Task instructions = Among the entries below, the lines from the one with "Pope Accused of" up to and including the one with "Resim Slazenger OLTA Erkek Sweatshirt Gri" are to be restated exactly, without pictures.

Source records =
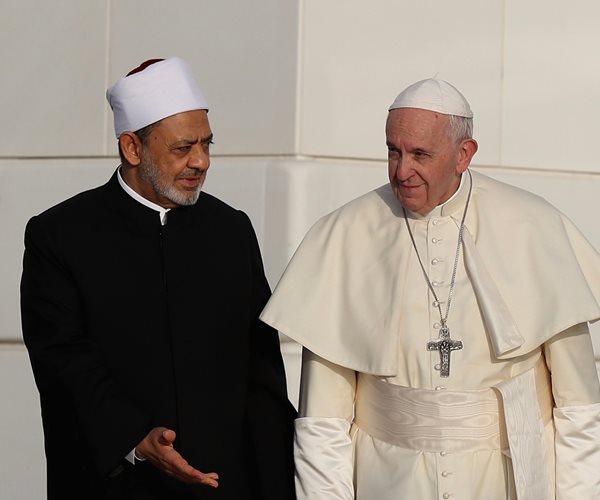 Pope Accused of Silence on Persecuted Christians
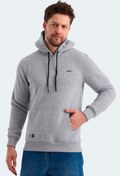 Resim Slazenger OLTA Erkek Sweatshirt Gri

==

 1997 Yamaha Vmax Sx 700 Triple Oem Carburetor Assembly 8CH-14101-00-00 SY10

Expected answer =
 Pope Accused of Silence on Persecuted Christians
 Resim Slazenger OLTA Erkek Sweatshirt Gri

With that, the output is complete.